IMHO a bit overly optimistic on the time it takes between the virgin hatching, mating and going into lay.  There is clear evidence that leaving the harvesting of queens until there is some sealed brood from them gives them a better chance of being accepted, and in my experience this can take nearly a full month from emergence.

----------


## Jon

> There is clear evidence that leaving the harvesting of queens until there is some sealed brood from them gives them a better chance of being accepted, and in my experience this can take nearly a full month from emergence.


MBC
I remember posting that link on here. The evidence was very clear  - and the optimum age of the queen was something like 28 days from emergence. At a minimum you should wait until some brood is sealed. Queens removed too early from apideas are often superseded within a month.

Link is here. Rhodes and Denney

----------


## The Drone Ranger

Where are they going after the apidea is it a de-queened hive or a queenless nuc ?
If they went above a swarm board there will only be young bees there 
The queen rearing season is so short no wonder you end up having to buy so many Apideas

----------


## mbc

> MBC
> I remember posting that link on here. The evidence was very clear  - and the optimum age of the queen was something like 28 days from emergence. At a minimum you should wait until some brood is sealed. Queens removed too early from apideas are often superseded within a month.
> 
> Link is here. Rhodes and Denney


Top marks  :Smile:

----------


## drumgerry

Sorry guys I've maybe not been very clear  :Smile:  .   The current occupants bar two of my Apideas are virgin queens I'm not especially attached to  - they're grafts from one of my queens and although their temper is (or has been) good they have many qualities I don't like - going on the queens I raised from her last year.

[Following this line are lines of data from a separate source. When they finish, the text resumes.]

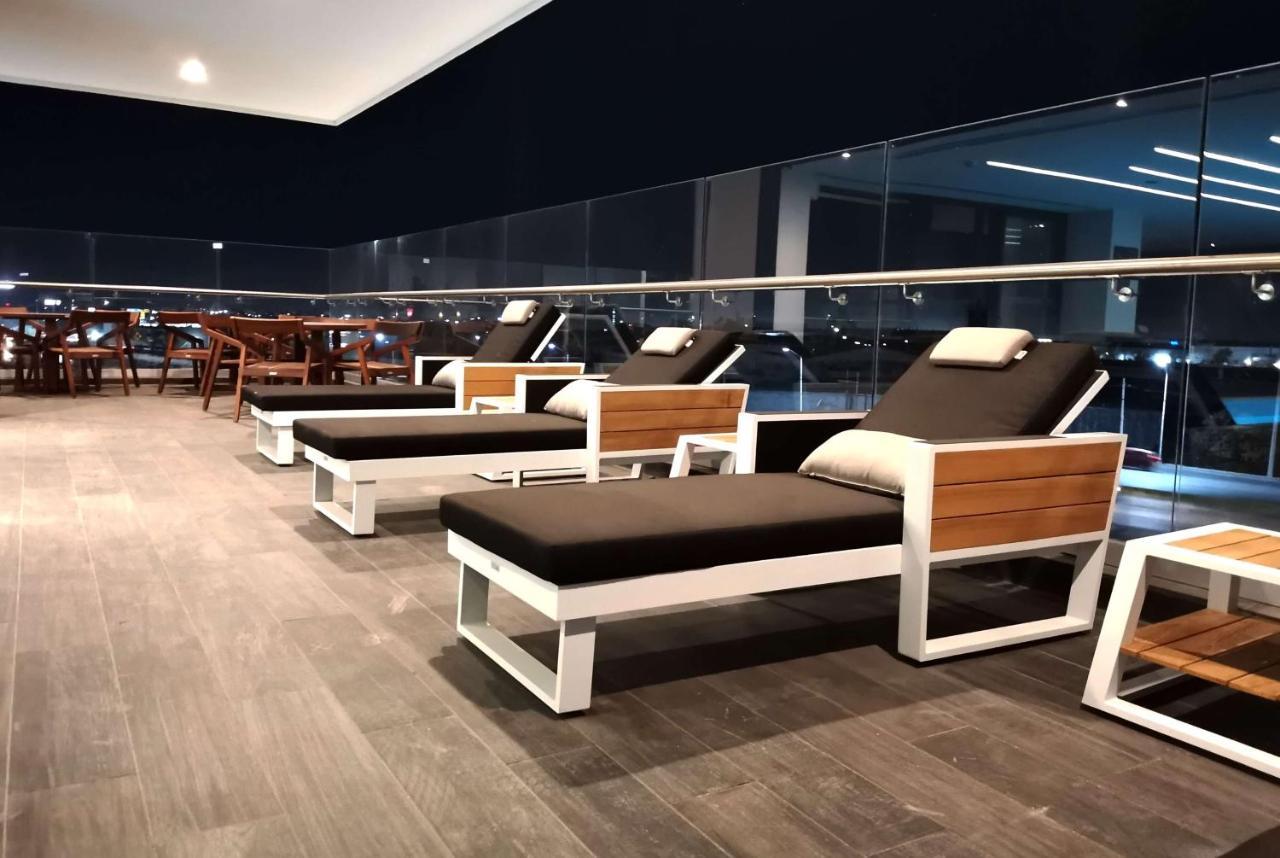 Ramada Encore By Wyndham Guadalajara Aeropuerto Las Pintas ภายนอก รูปภาพ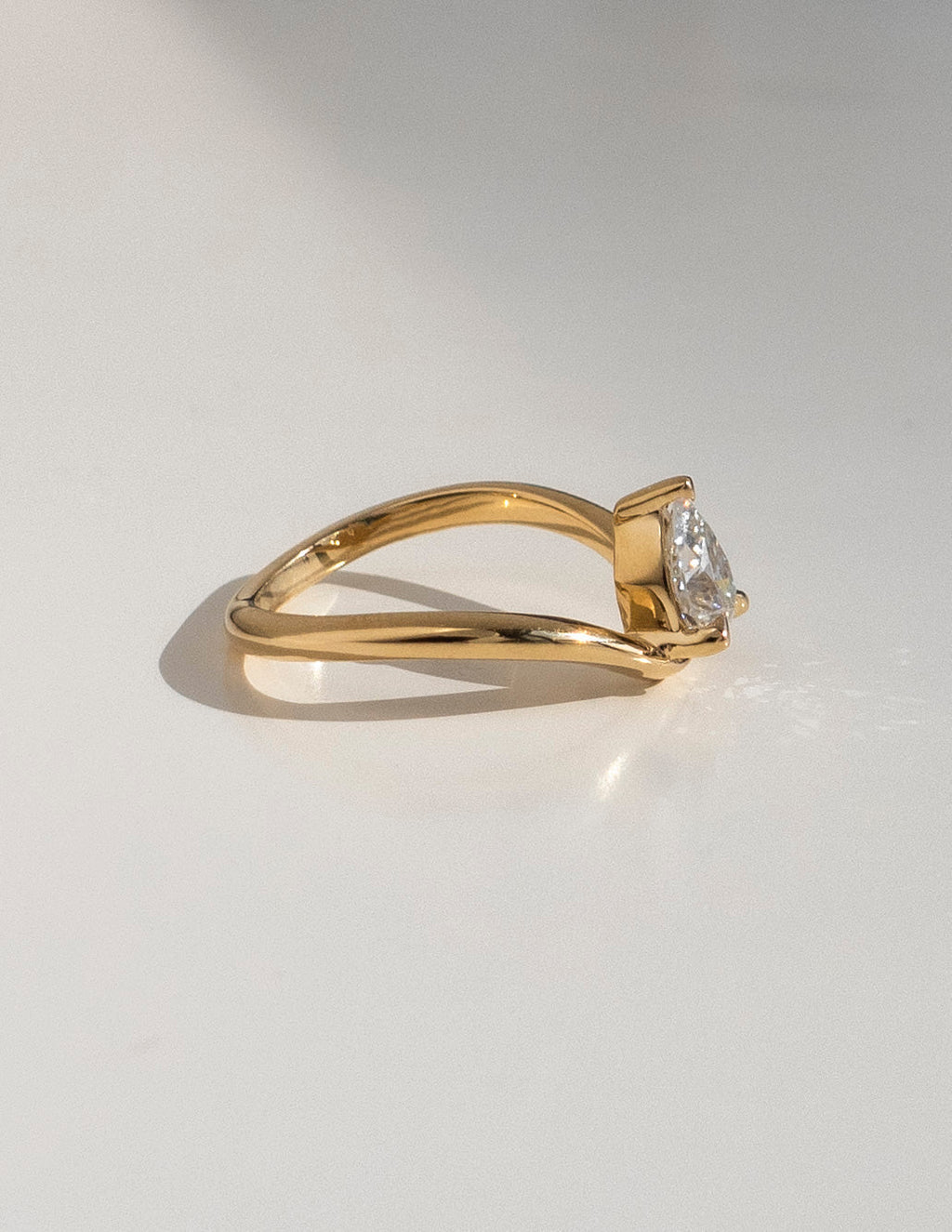 Solitaire-Oval Lab Grown Diamond Engagement Ring
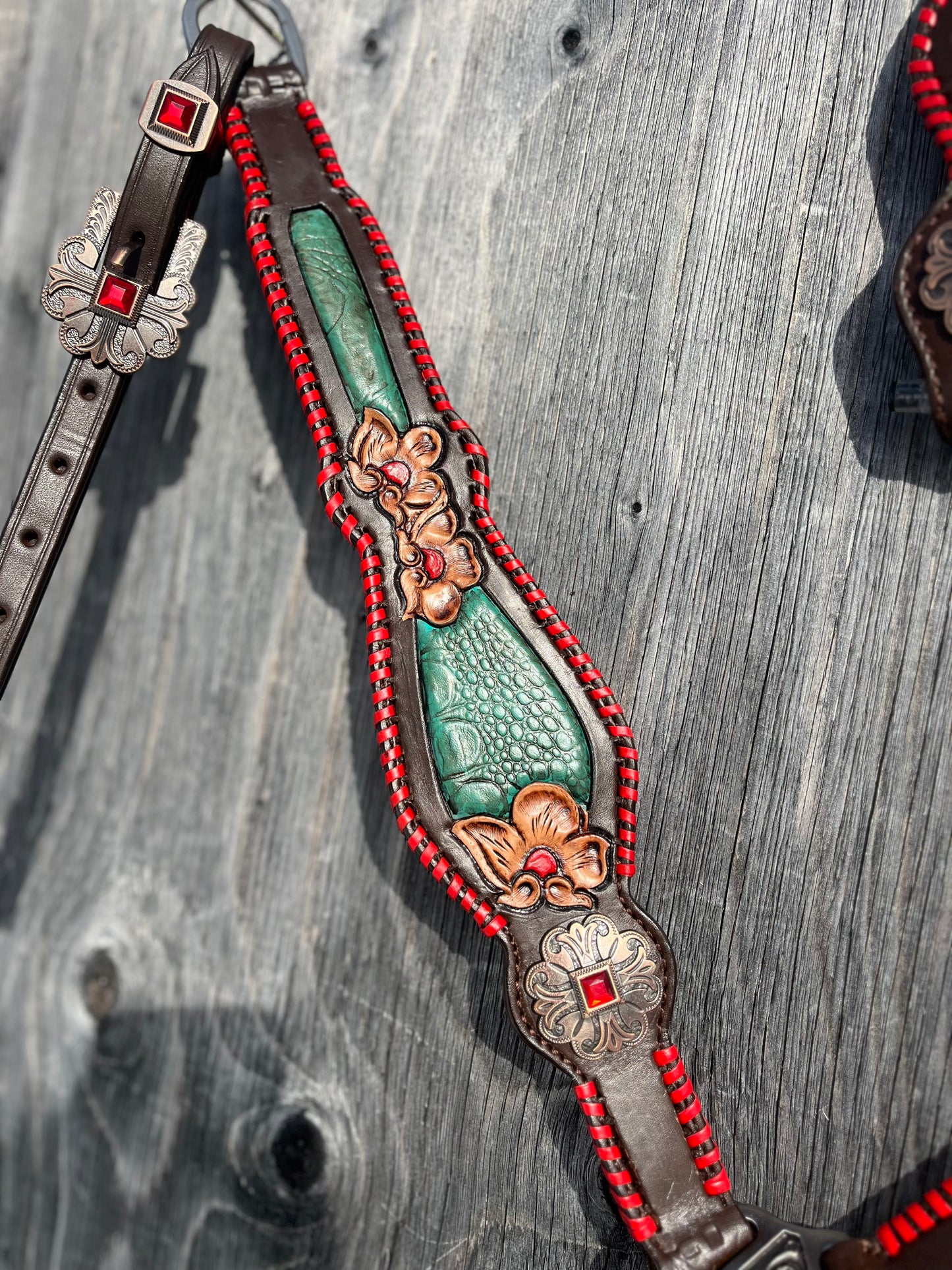 Red buck stitch flower tack set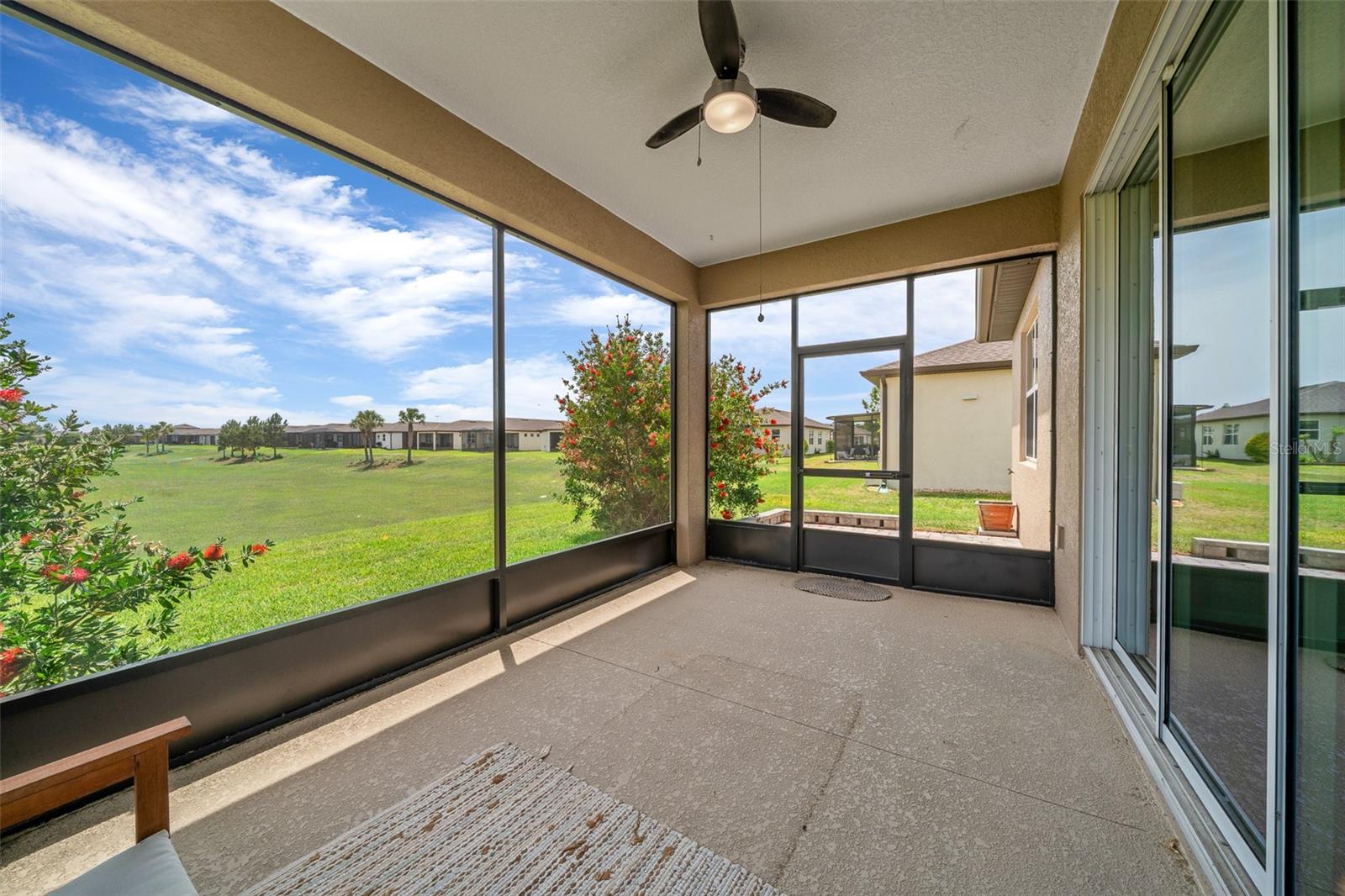 Image 2 of 32 For 5947 93rd Circle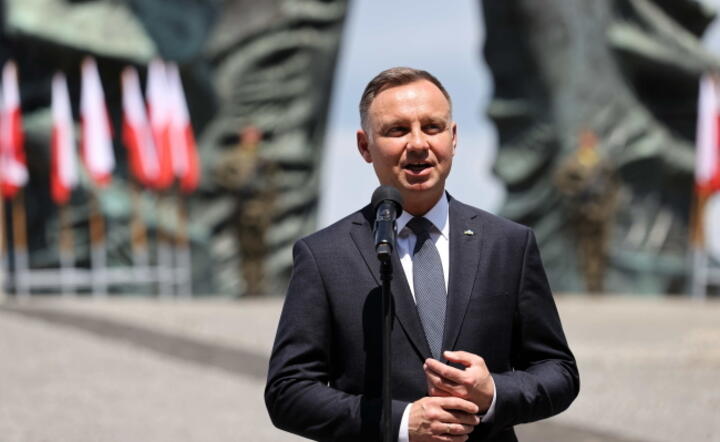 Prezydent RP Andrzej Duda podczas uroczystości, 4 bm. w Parku Powstańców Śląskich w Katowicach z okazji 100. rocznicy zakończenia III Powstania Śląskiego / autor: PAP/Andrzej Grygiel
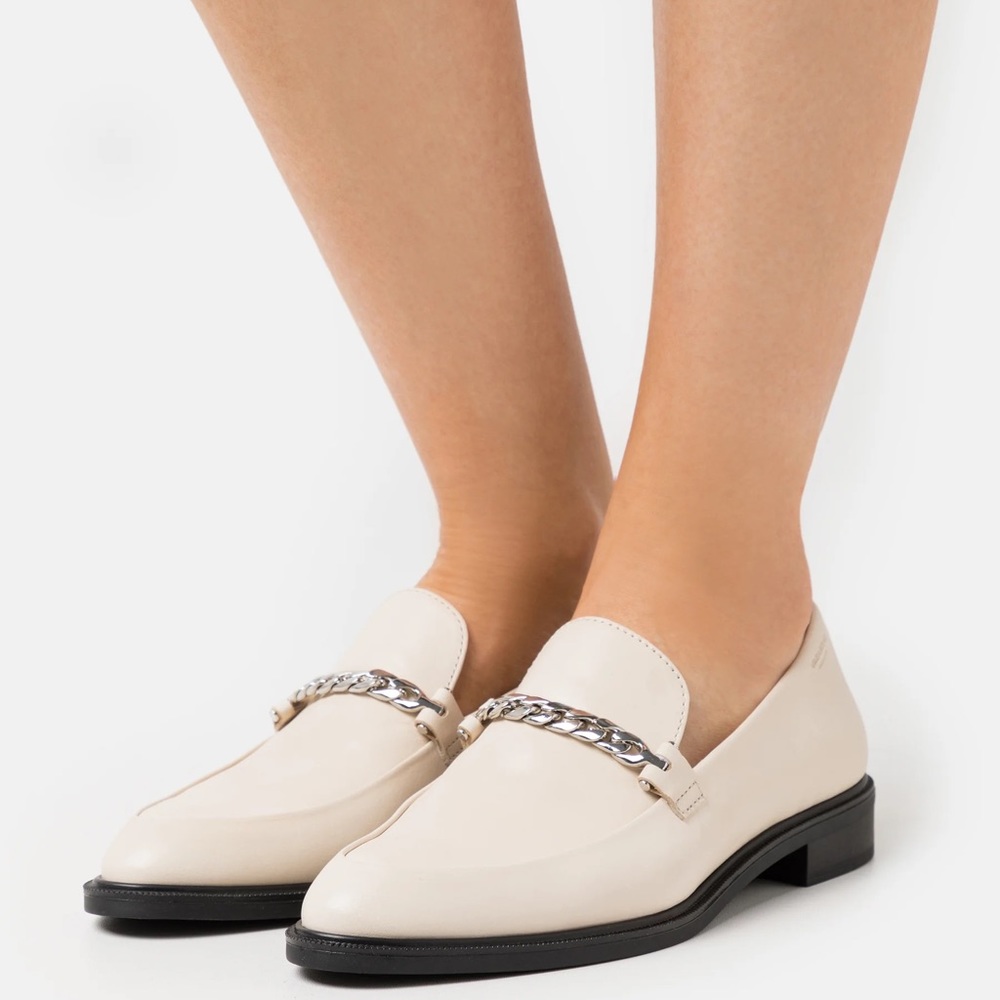 NWT Vagabond Shoemakers Frances Leather Chain Loafer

So yes I have read of the waiting till there's sealed brood in the mininuc before introduction method.  And ideally that's what I'd do.  But as I'm likely going to have a batch of more desirable candidates following on behind and needing the mininucs the first lot are going to have to go somewhere and I'm going to make some nucs up using them.  A purely practical consideration that's all.  I will consider requeening the nucs with the second batch of queens (who will get a full period in the Apideas) depending on how it all goes.  I appreciate the complexities of doing that but I've found the Manley or is it Alley-Chantry cage (the one in Honey Farming) a practically fool-proof method of requeening.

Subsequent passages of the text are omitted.